▶ **YOUR TASK**
All lines from the one containing "Adult Structured Trucker" through the end of the material are to be given back exactly, without pictures.

##### DATA FOR THIS TASK

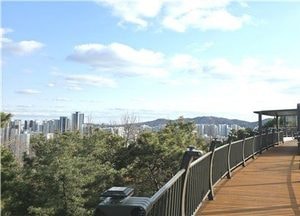 '공중을 걷는 310m'…인천 수봉공원 스카이워크 3월 중순 개방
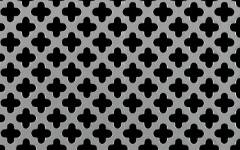 A clover perforated metal sample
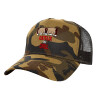 Adult Structured Trucker Hat, with Mesh, (Camouflage) Army (100% COTTON, ADULT, UNISEX, ONE SIZE)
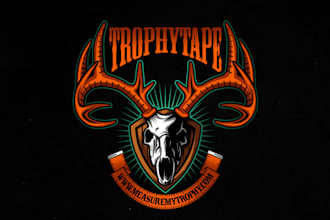 do modern professional high quality deer logo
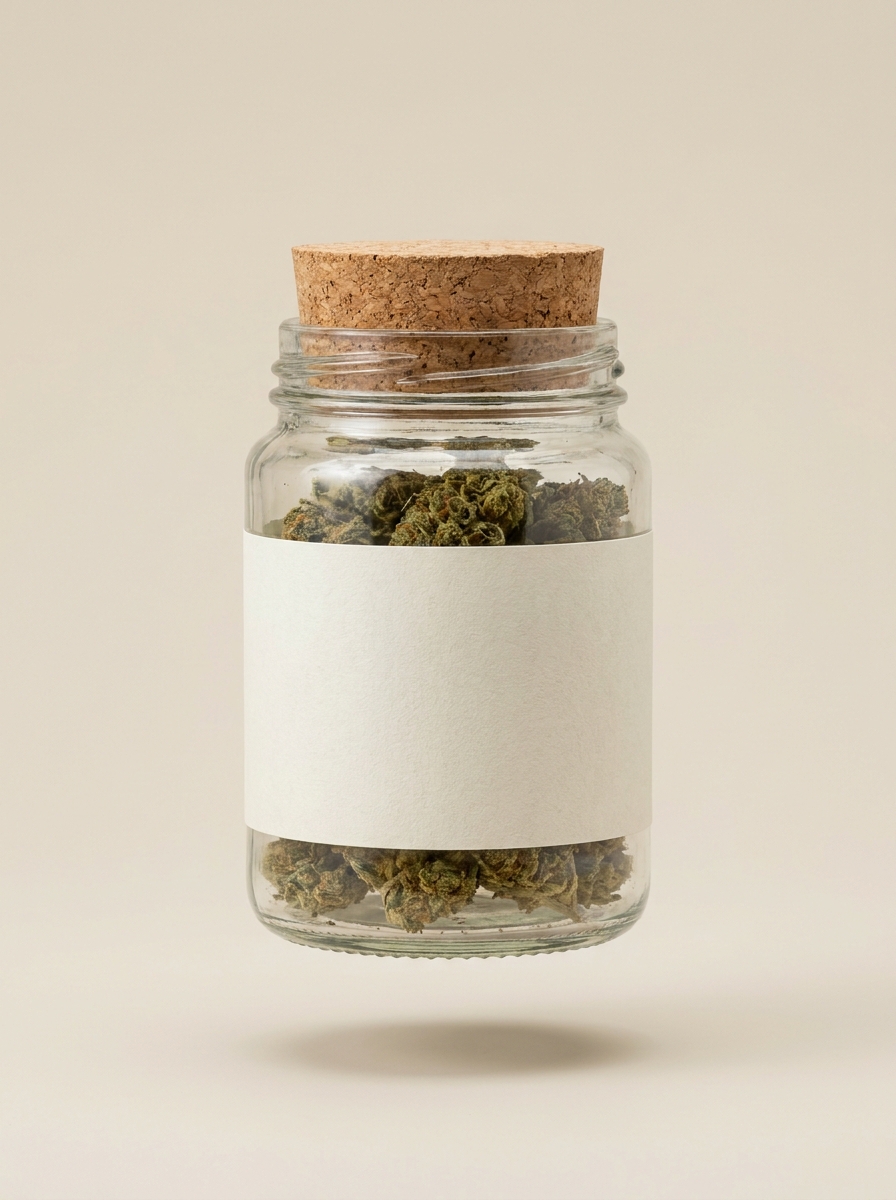 Spliff pre rolled joints and loose flower photographed together, September 2026 shelf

##########

▶ **WRITTEN REPLY**
 Adult Structured Trucker Hat, with Mesh, (Camouflage) Army (100% COTTON, ADULT, UNISEX, ONE SIZE)
 do modern professional high quality deer logo
 Spliff pre rolled joints and loose flower photographed together, September 2026 shelf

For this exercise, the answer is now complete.